**Requirement:**
From the data below, set down exactly the lines between the one holding "407 Morris Ave, Rockville Centre, NY 11570" and the one holding "2012 SEAT Leon", inclusive, and no others.

**Exercise materials:**
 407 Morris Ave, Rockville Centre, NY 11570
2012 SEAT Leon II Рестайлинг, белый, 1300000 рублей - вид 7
==
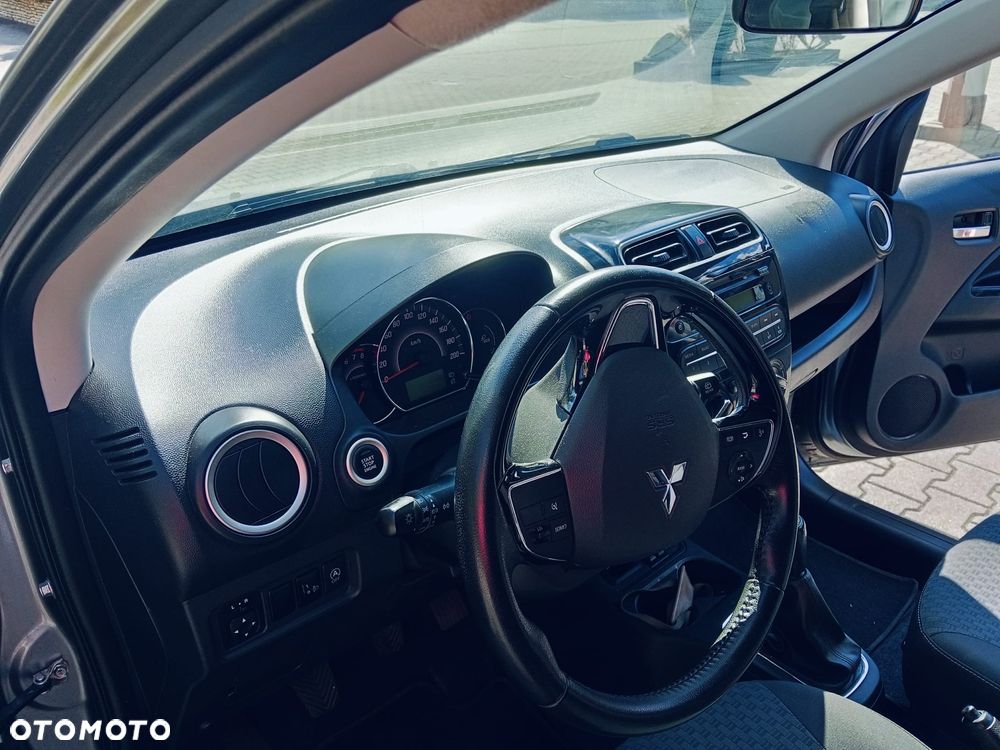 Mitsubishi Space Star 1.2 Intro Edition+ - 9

**Answer to this problem:**
 407 Morris Ave, Rockville Centre, NY 11570
2012 SEAT Leon II Рестайлинг, белый, 1300000 рублей - вид 7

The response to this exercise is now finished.